And it's quite difficult to generate the kind of massive violence, as the paras put it, that is necessary to keep the momentum going in these circumstances, unless you've got considerable support. The weapons they've got themselves is a very fast-moving unit, pretty light, so you really need the artillery support, you really need the very limited armoured support that was available from the light armoured cars they've got there, the scimitars and the scorpions. And, of course, the naval gunfire is...

is very important as well. We'll hear that this wasn't forthcoming in the way that the Jones wanted. So let's get to the battle itself.

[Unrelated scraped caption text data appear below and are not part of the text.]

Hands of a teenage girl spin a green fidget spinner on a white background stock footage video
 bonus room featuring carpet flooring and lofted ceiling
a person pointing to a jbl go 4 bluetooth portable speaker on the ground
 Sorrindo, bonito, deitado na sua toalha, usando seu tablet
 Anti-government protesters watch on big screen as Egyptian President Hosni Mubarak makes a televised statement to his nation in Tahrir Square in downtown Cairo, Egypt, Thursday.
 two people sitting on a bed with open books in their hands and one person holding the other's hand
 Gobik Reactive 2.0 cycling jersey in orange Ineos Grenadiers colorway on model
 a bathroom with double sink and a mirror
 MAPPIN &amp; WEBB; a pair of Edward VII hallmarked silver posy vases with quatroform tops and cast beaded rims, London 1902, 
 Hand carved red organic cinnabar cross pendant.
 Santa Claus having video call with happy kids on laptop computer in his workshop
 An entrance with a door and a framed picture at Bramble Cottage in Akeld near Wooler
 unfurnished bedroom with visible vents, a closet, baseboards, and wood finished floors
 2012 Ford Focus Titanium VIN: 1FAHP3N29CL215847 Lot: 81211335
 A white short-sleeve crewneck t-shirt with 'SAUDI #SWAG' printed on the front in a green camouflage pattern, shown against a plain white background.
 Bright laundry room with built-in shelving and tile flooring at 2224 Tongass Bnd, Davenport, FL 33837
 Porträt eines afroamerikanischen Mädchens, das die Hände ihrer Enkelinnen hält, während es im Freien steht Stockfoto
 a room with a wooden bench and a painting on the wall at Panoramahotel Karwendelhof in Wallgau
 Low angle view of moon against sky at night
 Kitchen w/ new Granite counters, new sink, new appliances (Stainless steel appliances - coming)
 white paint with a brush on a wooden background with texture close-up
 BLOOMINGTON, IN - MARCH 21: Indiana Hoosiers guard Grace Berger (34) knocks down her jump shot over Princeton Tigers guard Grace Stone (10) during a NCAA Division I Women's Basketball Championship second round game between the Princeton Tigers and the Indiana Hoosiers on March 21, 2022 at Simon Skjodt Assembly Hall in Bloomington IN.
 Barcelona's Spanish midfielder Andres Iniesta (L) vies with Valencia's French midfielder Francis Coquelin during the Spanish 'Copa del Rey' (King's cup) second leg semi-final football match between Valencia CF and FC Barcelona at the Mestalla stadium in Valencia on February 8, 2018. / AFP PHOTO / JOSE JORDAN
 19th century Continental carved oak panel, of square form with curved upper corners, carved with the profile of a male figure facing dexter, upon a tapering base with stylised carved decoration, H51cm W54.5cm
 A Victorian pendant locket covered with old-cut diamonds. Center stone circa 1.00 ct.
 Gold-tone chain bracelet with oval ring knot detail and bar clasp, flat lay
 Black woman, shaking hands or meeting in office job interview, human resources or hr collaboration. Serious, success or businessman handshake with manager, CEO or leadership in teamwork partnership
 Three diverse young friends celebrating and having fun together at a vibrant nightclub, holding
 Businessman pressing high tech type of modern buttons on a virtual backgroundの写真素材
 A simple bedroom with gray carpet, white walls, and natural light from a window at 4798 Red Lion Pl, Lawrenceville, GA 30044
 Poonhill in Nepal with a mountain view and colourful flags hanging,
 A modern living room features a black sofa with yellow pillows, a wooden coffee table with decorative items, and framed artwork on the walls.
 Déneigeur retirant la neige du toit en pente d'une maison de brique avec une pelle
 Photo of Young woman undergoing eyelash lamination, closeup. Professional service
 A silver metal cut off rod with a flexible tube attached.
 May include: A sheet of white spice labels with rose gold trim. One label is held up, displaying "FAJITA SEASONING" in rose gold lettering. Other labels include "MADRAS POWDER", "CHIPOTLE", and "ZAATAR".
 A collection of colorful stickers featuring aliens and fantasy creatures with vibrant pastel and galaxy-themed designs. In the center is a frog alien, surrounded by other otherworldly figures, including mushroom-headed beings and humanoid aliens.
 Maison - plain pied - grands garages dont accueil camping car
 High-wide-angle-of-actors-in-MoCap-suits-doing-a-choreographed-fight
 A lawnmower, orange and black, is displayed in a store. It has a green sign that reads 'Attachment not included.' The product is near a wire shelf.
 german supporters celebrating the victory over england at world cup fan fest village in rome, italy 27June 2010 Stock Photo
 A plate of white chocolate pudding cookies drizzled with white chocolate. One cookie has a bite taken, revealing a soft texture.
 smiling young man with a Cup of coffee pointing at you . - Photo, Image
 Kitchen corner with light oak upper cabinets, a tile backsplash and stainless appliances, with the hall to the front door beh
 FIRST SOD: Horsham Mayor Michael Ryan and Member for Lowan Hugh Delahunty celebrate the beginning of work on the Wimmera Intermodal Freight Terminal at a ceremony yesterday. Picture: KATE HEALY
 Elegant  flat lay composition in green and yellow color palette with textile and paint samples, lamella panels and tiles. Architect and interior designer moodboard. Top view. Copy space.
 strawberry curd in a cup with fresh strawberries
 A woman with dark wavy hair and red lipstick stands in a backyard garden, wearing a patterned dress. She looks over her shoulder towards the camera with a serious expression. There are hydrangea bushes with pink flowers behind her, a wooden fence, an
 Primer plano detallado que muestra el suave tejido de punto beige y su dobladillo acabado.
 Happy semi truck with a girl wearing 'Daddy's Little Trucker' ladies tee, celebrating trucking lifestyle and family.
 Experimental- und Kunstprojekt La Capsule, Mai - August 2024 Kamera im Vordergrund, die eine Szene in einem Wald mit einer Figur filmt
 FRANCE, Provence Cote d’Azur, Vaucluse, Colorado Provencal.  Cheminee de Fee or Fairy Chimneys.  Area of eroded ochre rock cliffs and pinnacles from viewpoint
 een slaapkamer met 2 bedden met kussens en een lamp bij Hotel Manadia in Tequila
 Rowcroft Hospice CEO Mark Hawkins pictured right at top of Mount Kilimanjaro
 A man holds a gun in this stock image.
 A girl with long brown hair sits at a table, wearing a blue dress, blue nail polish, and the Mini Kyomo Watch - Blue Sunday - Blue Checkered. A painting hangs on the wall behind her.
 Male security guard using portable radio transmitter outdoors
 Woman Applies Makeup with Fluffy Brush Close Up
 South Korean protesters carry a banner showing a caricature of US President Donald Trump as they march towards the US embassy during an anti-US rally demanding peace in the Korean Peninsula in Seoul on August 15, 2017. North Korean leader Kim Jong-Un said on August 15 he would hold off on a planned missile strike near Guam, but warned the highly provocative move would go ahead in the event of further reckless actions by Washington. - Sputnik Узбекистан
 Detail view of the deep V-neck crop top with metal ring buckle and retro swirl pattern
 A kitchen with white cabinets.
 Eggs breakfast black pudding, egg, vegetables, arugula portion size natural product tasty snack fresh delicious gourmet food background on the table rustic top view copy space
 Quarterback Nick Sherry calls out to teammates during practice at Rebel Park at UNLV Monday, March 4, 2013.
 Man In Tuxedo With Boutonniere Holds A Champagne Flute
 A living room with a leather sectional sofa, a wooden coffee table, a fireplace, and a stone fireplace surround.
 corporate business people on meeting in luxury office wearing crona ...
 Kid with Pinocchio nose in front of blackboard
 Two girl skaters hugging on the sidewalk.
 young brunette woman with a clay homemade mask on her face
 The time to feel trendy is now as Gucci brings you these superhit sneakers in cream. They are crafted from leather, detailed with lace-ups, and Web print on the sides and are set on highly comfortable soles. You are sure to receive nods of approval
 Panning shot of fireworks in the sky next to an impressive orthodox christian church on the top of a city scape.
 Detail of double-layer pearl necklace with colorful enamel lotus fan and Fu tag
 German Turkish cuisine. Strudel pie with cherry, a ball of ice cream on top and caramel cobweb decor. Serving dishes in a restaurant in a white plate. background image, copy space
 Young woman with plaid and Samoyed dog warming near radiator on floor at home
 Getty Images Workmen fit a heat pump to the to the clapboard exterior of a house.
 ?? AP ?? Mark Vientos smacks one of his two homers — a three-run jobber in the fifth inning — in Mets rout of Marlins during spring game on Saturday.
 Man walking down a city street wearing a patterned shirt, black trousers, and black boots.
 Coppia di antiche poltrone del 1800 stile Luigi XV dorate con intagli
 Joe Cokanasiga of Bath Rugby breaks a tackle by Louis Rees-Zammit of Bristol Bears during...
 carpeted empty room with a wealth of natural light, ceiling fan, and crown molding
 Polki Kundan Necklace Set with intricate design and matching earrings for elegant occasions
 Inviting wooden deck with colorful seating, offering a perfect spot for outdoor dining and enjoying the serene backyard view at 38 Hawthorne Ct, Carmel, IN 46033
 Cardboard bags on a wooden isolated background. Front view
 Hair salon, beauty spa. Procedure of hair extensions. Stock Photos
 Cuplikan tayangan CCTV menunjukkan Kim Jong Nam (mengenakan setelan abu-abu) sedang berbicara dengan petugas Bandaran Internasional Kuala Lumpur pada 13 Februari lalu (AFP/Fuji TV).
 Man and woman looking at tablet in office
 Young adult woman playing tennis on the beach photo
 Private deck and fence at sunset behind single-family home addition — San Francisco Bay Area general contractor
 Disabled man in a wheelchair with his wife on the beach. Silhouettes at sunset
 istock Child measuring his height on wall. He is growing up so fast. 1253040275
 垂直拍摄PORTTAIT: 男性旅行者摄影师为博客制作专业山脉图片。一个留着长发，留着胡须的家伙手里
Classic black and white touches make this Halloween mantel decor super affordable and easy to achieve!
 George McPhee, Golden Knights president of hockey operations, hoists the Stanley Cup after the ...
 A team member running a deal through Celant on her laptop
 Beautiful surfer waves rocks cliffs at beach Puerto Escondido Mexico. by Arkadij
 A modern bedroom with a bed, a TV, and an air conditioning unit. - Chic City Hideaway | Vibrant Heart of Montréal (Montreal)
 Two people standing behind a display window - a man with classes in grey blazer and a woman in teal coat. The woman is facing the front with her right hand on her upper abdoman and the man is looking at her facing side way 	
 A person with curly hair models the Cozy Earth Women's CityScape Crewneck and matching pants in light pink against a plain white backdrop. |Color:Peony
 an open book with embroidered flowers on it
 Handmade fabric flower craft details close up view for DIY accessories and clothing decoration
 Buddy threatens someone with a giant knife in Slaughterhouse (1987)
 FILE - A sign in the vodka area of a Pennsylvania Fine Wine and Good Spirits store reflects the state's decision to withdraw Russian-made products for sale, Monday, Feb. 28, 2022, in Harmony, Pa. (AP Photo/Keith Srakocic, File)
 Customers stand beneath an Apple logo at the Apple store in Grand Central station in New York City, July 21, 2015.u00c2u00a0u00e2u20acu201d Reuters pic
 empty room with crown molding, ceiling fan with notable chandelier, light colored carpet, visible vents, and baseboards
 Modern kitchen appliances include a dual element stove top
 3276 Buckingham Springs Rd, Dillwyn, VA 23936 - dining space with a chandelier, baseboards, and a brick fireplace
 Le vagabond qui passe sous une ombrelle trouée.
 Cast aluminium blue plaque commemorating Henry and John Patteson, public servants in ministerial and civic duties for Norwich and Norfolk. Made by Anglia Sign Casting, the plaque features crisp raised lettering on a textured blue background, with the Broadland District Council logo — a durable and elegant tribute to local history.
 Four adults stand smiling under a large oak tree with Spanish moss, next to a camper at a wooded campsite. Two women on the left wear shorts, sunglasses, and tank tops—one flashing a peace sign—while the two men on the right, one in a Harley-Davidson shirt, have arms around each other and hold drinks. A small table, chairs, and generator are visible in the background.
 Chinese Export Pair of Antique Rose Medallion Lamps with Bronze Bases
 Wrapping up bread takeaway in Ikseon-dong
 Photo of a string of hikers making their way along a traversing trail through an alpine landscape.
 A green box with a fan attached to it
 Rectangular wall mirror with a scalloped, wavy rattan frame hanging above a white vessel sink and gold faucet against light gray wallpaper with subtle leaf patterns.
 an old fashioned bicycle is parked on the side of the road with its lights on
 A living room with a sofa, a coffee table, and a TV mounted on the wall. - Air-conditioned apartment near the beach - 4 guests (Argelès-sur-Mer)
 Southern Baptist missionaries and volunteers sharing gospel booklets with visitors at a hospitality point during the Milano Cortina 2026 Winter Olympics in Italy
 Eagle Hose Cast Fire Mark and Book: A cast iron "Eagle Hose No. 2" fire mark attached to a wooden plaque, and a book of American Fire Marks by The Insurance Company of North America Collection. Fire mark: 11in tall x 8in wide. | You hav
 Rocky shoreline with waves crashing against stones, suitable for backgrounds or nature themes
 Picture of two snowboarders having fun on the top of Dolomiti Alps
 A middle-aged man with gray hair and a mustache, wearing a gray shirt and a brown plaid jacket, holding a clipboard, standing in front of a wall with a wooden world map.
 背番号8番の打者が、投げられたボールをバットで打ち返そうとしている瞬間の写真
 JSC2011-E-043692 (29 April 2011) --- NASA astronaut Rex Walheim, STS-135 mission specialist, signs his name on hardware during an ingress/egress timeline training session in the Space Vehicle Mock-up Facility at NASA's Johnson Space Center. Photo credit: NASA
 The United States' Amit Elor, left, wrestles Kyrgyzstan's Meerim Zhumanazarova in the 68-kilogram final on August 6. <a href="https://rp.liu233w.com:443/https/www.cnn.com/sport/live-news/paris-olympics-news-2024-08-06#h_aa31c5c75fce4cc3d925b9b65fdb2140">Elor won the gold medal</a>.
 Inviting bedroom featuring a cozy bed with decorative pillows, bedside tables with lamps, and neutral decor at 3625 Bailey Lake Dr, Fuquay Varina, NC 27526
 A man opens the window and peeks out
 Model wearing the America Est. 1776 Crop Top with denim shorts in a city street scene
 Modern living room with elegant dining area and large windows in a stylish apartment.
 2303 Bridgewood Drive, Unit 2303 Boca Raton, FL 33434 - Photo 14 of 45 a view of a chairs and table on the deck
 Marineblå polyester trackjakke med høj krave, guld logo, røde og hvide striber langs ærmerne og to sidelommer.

We've been very fortunate to hear from Nigel Spud Ely, then a private in Two Paras 50 Strong Sea Company, and today the author of an excellent new book on the battle called Goose Green, The Decisive Battle of the Falklands War. Nigel told us about that battle. It started on the 27th at 2200 hours. We got the order, very brief orders, to go and lay the start line for A Company. A Company was the first company to be put into business.

into battle. A start line is an imaginary line on the ground where it's close enough to the enemy to affect an attack, but not as close to compromise while you're lining up for that attack. And that's why I say I'm point man. I was point man because I was the point of the first patrol to lead and set that start line up for A company. Their attack was onto Burnside House

B Company were to attack Bokker House about an hour later, while D Company were held in reserve. And that's the way infantry battalions work, you know, two up, one in reserve. And that's it. A Company put their attack in. The Argentinians had fled. And the next point was for A Company would be Coronation Point and Darwin Hill. Now, Colonel Jones had thought that the battle for Goose Green would be overcome first light. And in the Falklands, first light's about 10 o'clock in the morning.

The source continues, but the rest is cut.